Remember dual trading? That's the practice, commonplace in the capital markets, whereby brokers trade for their own accounts while also handling customer orders. It's also either: (a) an invitation for traders to make a nefarious buck by trading in advance of customer orders or (b) a vital contributor to liquidity in the marketplace. Hint: It does help liquidity--in the bank accounts of rogue traders.
It's not that dual trading is inherently wrong but rather that dual traders may be too easily tempted to take advantage of their customers. And it wasn't too long ago that the Chicago Mercantile Exchange agreed. The Merc banned the practice just this past May, in the wake of a government sting operation in Chicago's commodities pits. Bowing before the political firestorm that followed the indictment of 48 commodities traders in mid-1989, and with 34 of them found guilty by early '91, the Merc prohibited most forms of dual trading even as the rival Chicago Board of Trade did nothing. This move was often cited by Merc officials as proof of their fealty to ethics and fair dealing.

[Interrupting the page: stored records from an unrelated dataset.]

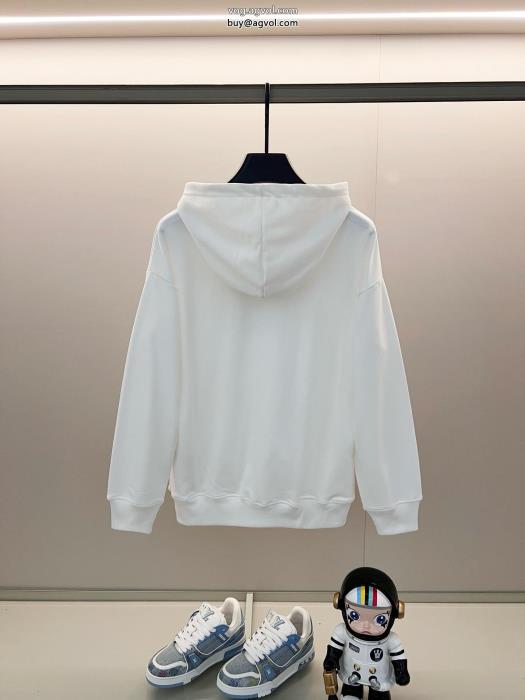 パーカー限定生産品2025年春の新作コレクションBURBERRY激安 ブランド_0_2
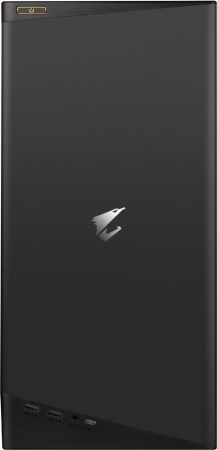 ПК Gigabyte Aorus S 12th i7 12700K (2.7) 32Gb SSD4Tb RTX3070 8Gb noOS 2.5xGbitEth WiFi BT 750W черный (AMSI7N7I-21A1)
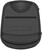 Sony SRS-XP700 Black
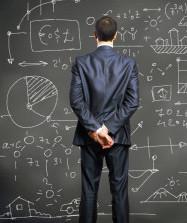 Si cercano prof di matematica e lettere 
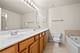 151 Fountain Grass, Bartlett, IL 60103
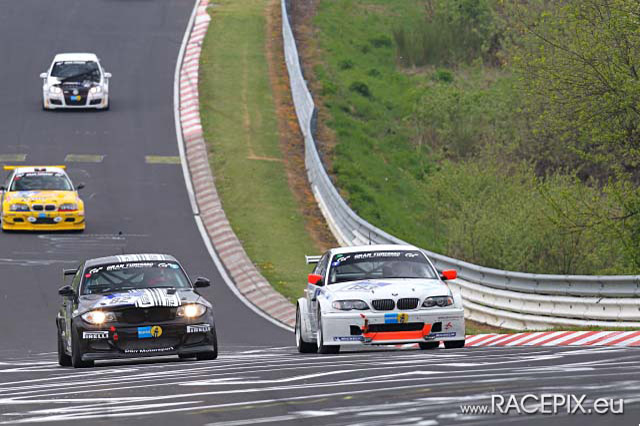 2010-05-15 24hNR 2803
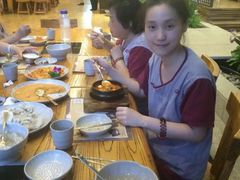 纽斯桑拿会所(天山路店)-纽斯桑拿会所(餐厅天山路店)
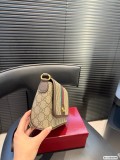 売上総額１位！グッチ レディース ショルダーバッグ 偽物 838599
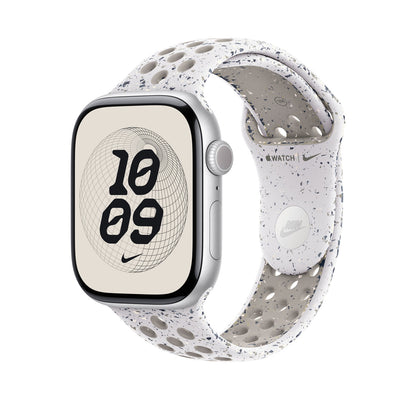 Bracelet Apple Watch 46 mm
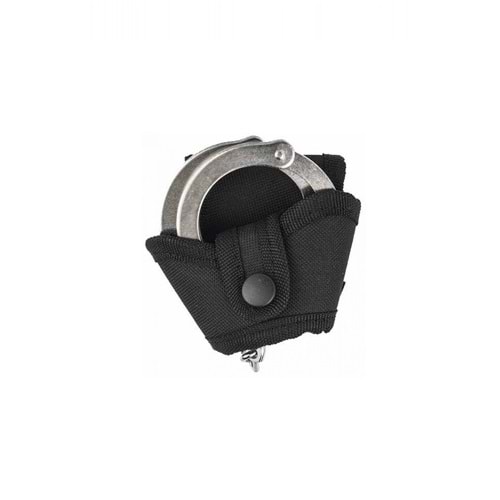 Kelepçe Kılıfı İmp.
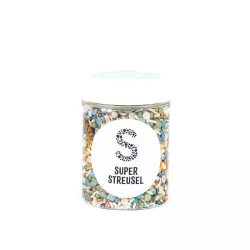Super Streusel Vintage 90 g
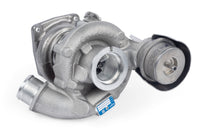 APR K04.3 GTS Turbocharger System - Porsche 911 3.0T - Image 4134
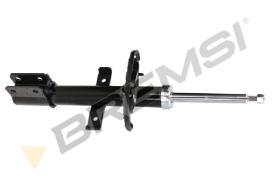 BREMSI SA0322 - S. ABSORBER RENAULT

RESTLESS. And the Merc was justified in congratulating itself for the ban, because dual trading can spawn a host of abuses. Some brokers can't resist the temptation to illicitly make money by slipping in a personal trade just before executing a big customer order. Others illegally tip off nearby traders to their incoming order flow and, in return, get a favorable price on a subsequent trade. And dual trading enables unscrupulous brokers to steal profits from their customers by diverting the most lucrative trades to their own accounts, leaving their customers with less profitable transactions. Such activities were revealed in the government's four-year investigation of the commodities markets.
Now, less than a year after the ban took effect, some Merc brokers are agitating for a return to the old days. Some 500, of a total of 2,700 floor traders, have signed a petition requesting that the Merc lift the ban on dual trading. The Merc's board is set to deliberate the matter at a February meeting.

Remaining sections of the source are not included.